Prompt: A word-for-word copy of the data is what's wanted; pictures stay out of it.

Given data:
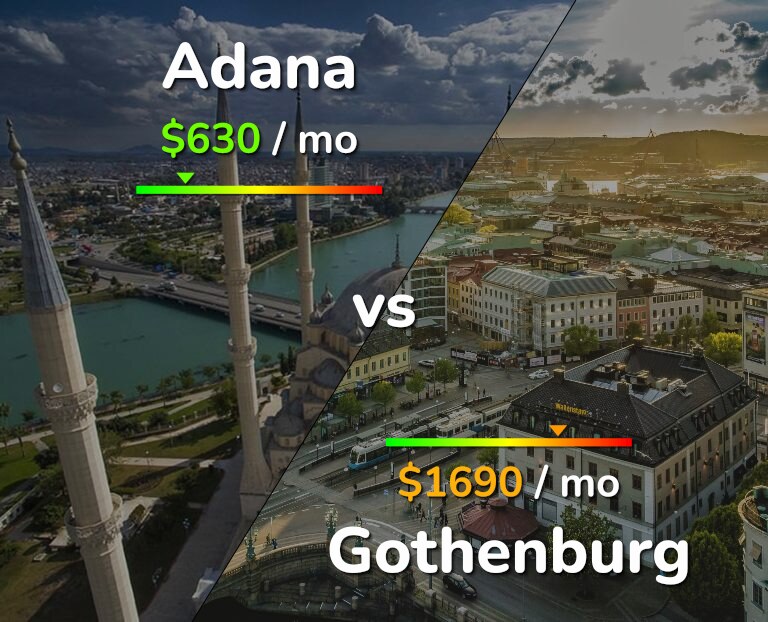 Cost of living in Adana vs Gothenburg infographic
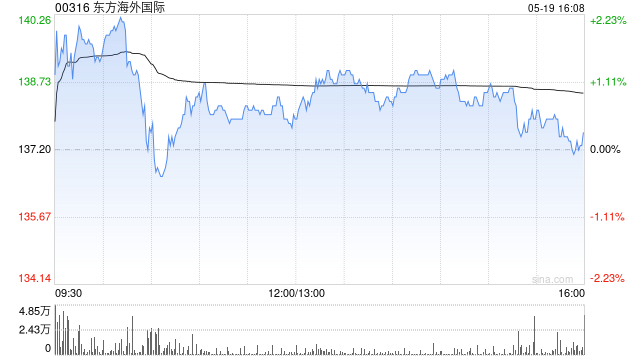 大摩：上调东方海外国际目标价至100港元 维持“减持”评级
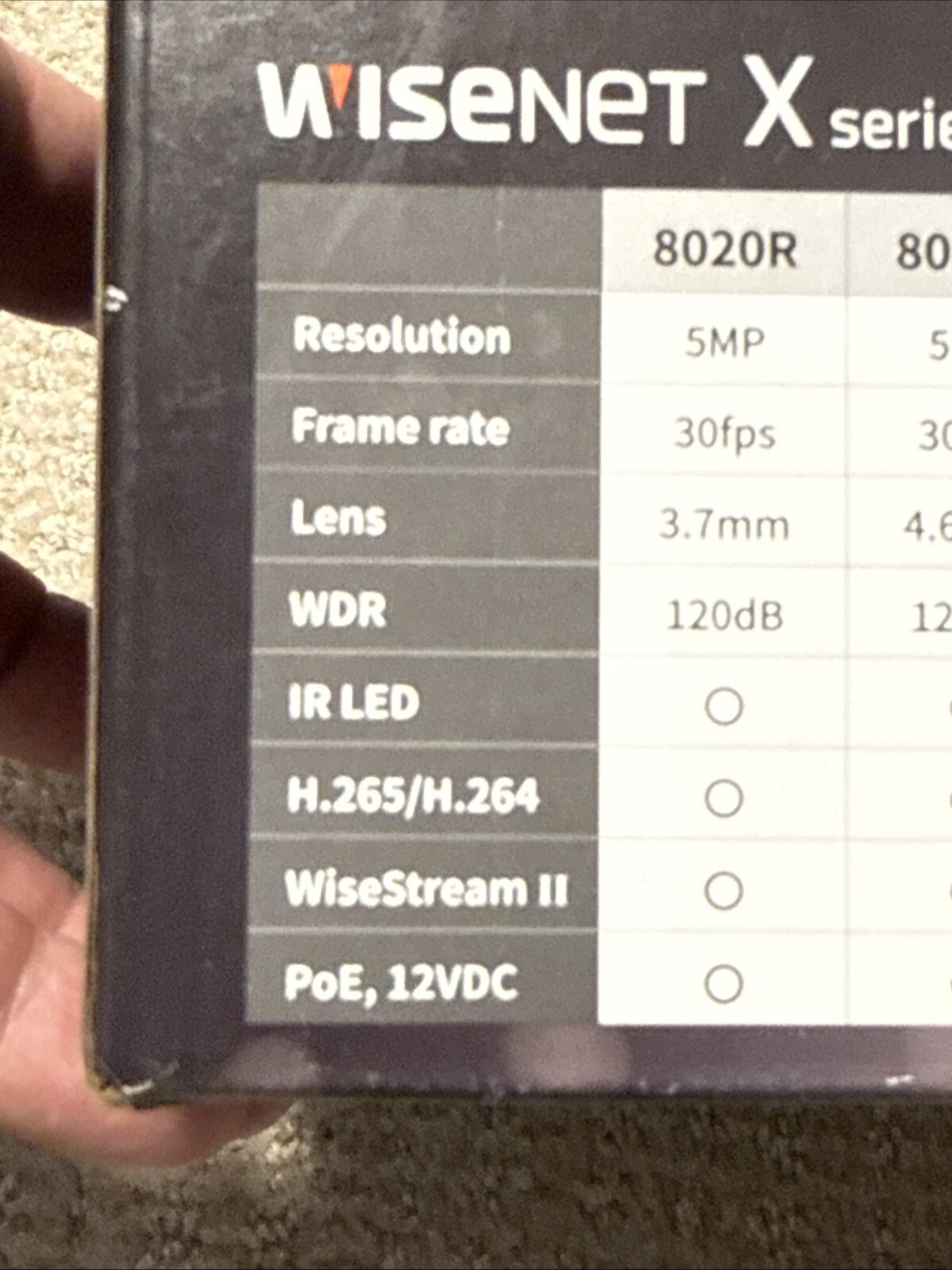 Hanwha Techwin XND-8020R WiseNet 5MP PoE IR IP Security Dome Camera 3.7mm Lens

Solution to the problem:
 Cost of living in Adana vs Gothenburg infographic
 大摩：上调东方海外国际目标价至100港元 维持“减持”评级
 Hanwha Techwin XND-8020R WiseNet 5MP PoE IR IP Security Dome Camera 3.7mm Lens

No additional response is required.